Highlight: Wandering through windy trails in Cinque Terre at night, hearing frogs croaking, and catching flickering fire flies.
Lowlight: Worrying about hostels. We had to cancel our reservation for the campground when the trains were delayed and our plans changed. I regret booking ahead of time.
Fun Fact: Cinque Terre National Park was established to protect the terraced hillsides and vineyards between the five fishing villages of Monterosso, Vernazza, Corniglia, Manarola, and Riomaggiore.
Money spent: €34
Ben Frustration Index(BFI): 3
Pairs of clean underwear left: 4
Book Page: 690
I’m just typing this verbatim from my hand-written journal, but it looks like I was in a pissy mood this morning.
As the trip progresses my patience for Ben’s lame jokes diminishes. Maybe I’m just frustrated and taking it out on him. Either way, his jokes suck.
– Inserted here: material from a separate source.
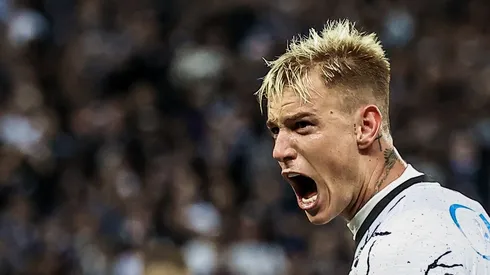 Roger Guedes com a camisa do Corinthians (Foto: Marcello Zambrana/AGIF)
This morning we got up with the intention of riding the rails all day and arriving in gorgeous, and universally praised by everyone we’ve met, Cinque Terre, Italy. Unfortunately the Italian railway workers had other plans and have derailed ours with a 24 hr strike. Somehow we managed to get reservations on a train that will get us as far as Genoa (the only train coming through here), but it doesn’t leave until 2 pm. Genoa is close, but not exactly where we want to be. We would have to figure the rest out later – maybe a bus or spend the night there.
We used our free time to hope into an Internet cafe and I typed up the first few entries for my live journal. We could have just spent another day in Nice, but its cloudy and cool today and the beach would have been devoid of hot women – I mean we couldn’t suntan.
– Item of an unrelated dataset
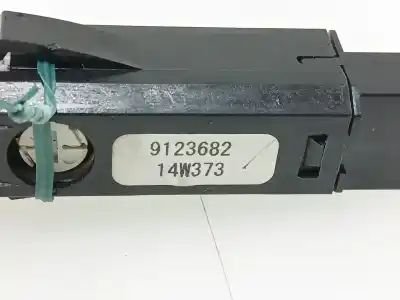Peça sobressalente para automóvel em segunda mão interruptor 4 piscas - emergência por volvo v40 fastback (525) d3 referências oem iam 9123682  9123682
At 2 we boarded on our train to Genoa, not sure if we would make it much farther. Before we left we met two Waterloo grads who were trying to get to Torino – yet more people from our little neck of the woods. They were taking the train to Genoa too. In Genoa we met two American backpackers, Stephen and Jill, trying to get to Cinque Terre to. The 6 of us lined up to try and find out if we could figure out what the deal was with the strike. In France they didn’t seem to know much. And in Italy they only knew slightly more. I was surprised trains were running at all. But there seemed to be a fair number leaving the train station. With limited Italian (relying mostly on their limited English) we were told by the lady at the counter that she didn’t know which ones were cancelled but said if it appeared on the big departure board with the rolling letters (the cool ones you know) then it was running – very scientific. We found one leaving for La Spezzia in 20 minutes. Ben headed for the toilet and I went outside and quickly bought some sandwiches from a little shop.
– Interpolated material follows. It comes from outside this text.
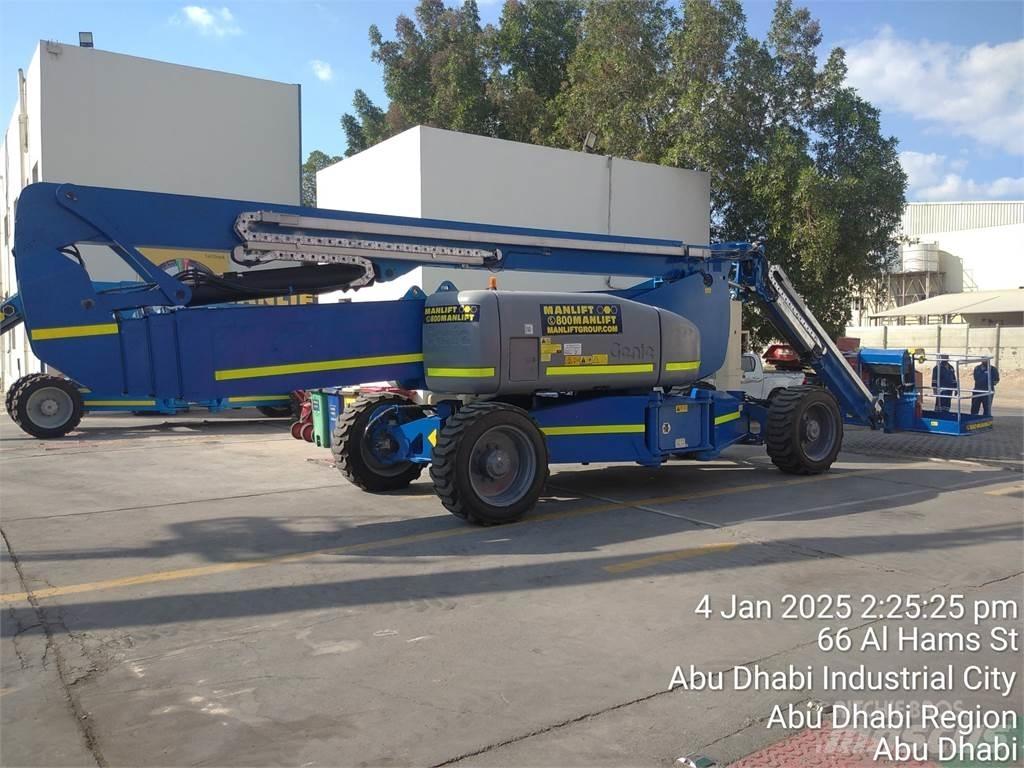 Genie Z135/70 Iseliikuvad poomtõstukid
On the platform, waiting for the train, we met Cocoa and Louisa, more Americans heading to Cinque Terre (Oh Rick Steeves, what have you wrought). Except these Americans preferred to be called Californians. The 6 of us sat together on the train and chatted the whole way. We hit it off really well with both couples, but especially Cocoa and Louisa. We all exchanged emails and Ben and I agreed to meet with Cocoa and Louisa the next morning to hike the trail together.
After a few seconds of looking for accommodation in La Spezzia, Ben and I went to Riomaggiore (actually in the Cinque Terre National Park) where accommodation was more plentiful. Our plan was to check out the hotel where we had a room booked for our 2nd night, but at the station another lady accosted us and offered us a “cheap room” – again about the only English she spoke, but this time Ben couldn’t understand her either. For €15 each, it was dirt cheap so we agreed. It was right next to the train station and clean, and all we wanted to do was drop our bags and go exploring. She took our 30 euros and that’s the last we ever saw of her – very suspicious.
The town is beautiful. There’s a noisy bar on the other side of the train station, but there are also some quant restaurants nestled -about. The whole town seems precariously perched on the edge the mountain-side. Once we hiked around to the other side of the mountain the sounds from the bar abruptly stopped and all you could hear where frogs and crickets. It’s so peaceful and quiet here. When you take a deep breath you only smell flowers and trees, not smog.
When we were hiking up a bath near the beach, lit only by moonlight and the light from my headlamp (I know, I’m dorky), I saw fire flies flickering around. I caught one in my hands and showed Ben – he was amazed as he had never seen one before. Closer to the beach I spotted movement near the water’s edge. Curious I shined my flashlight on it as we approached. Quickly I realized it was a couple spending some time together on the beach. Laughing we retreated.
On the way back we took a different path and ended up on a farmer’s trail, wide enough for one person, pitch-black, that kept dead-ending. After crawling through some bush and descending a steep hill we finally made it back to a road.